-- Records to process follows --

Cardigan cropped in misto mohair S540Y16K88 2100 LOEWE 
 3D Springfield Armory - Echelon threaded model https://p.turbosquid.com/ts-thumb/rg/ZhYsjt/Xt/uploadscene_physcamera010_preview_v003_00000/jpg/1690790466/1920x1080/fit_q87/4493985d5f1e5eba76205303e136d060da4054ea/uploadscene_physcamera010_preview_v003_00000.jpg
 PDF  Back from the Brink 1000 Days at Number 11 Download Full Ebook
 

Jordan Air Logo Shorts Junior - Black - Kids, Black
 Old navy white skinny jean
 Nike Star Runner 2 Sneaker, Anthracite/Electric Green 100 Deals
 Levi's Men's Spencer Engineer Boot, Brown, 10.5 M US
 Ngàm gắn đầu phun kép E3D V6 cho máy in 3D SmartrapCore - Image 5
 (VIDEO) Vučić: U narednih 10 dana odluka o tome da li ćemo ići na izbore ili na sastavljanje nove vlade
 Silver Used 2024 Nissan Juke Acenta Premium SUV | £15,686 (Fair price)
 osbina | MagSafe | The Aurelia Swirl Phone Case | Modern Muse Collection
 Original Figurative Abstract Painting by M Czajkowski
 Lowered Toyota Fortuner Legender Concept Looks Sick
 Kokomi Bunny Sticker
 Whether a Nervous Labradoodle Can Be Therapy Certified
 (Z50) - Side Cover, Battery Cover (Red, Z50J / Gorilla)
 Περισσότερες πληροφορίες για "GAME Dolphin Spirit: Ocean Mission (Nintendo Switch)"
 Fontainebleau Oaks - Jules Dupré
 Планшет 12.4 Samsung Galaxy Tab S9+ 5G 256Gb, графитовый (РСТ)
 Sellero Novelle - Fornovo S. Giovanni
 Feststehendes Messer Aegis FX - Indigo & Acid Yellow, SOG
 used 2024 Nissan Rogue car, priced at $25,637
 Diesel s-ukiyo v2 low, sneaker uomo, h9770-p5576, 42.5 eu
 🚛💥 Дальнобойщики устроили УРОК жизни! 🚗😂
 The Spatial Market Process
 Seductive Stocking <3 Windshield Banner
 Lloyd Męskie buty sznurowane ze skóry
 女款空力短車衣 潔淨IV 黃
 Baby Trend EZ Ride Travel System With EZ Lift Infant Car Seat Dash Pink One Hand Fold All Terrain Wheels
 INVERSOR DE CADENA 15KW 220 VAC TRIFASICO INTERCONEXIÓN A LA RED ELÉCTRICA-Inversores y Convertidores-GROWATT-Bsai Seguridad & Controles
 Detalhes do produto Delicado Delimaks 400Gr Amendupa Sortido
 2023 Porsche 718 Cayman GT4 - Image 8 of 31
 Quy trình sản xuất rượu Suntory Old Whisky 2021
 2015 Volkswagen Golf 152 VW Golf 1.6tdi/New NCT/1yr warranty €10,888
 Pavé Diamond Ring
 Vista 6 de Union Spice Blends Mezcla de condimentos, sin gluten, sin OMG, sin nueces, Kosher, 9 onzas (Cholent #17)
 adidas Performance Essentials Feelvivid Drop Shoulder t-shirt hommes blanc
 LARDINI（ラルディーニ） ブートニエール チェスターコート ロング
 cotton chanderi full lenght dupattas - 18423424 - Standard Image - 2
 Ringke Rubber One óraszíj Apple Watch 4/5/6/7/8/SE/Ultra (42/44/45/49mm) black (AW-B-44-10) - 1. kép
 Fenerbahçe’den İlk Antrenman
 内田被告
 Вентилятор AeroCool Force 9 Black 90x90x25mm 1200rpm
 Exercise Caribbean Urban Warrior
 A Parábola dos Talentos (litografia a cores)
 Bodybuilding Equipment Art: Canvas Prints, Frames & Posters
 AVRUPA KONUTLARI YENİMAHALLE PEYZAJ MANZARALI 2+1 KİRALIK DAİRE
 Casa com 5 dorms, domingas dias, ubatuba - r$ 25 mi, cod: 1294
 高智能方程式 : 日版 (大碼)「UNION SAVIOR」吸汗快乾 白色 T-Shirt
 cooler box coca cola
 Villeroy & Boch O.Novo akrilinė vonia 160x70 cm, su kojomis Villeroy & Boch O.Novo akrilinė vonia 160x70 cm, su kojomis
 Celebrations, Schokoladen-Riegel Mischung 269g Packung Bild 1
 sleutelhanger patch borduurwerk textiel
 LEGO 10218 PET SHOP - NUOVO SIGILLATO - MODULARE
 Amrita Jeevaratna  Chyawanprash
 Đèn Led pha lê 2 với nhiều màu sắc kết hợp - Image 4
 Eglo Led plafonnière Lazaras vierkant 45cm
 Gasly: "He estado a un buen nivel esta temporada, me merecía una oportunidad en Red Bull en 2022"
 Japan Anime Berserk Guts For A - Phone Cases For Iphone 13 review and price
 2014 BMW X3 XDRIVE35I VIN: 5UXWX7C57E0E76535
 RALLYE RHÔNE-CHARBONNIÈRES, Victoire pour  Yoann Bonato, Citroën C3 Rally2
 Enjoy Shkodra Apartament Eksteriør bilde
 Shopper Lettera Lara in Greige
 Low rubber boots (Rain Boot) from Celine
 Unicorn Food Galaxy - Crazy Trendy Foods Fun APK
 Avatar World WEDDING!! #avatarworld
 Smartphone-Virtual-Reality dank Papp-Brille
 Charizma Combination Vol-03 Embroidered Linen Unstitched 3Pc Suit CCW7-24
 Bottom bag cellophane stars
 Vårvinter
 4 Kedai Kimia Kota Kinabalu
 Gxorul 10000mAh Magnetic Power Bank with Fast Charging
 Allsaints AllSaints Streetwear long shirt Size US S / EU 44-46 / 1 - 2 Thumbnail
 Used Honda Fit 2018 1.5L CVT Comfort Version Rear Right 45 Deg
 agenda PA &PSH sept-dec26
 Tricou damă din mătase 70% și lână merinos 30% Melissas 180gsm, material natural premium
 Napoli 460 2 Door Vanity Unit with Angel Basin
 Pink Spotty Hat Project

-- Records to process concluded --

Whenever "Pink" occurs in a line above, copy that line.

__Output of the exercise__
 Baby Trend EZ Ride Travel System With EZ Lift Infant Car Seat Dash Pink One Hand Fold All Terrain Wheels
 Pink Spotty Hat Project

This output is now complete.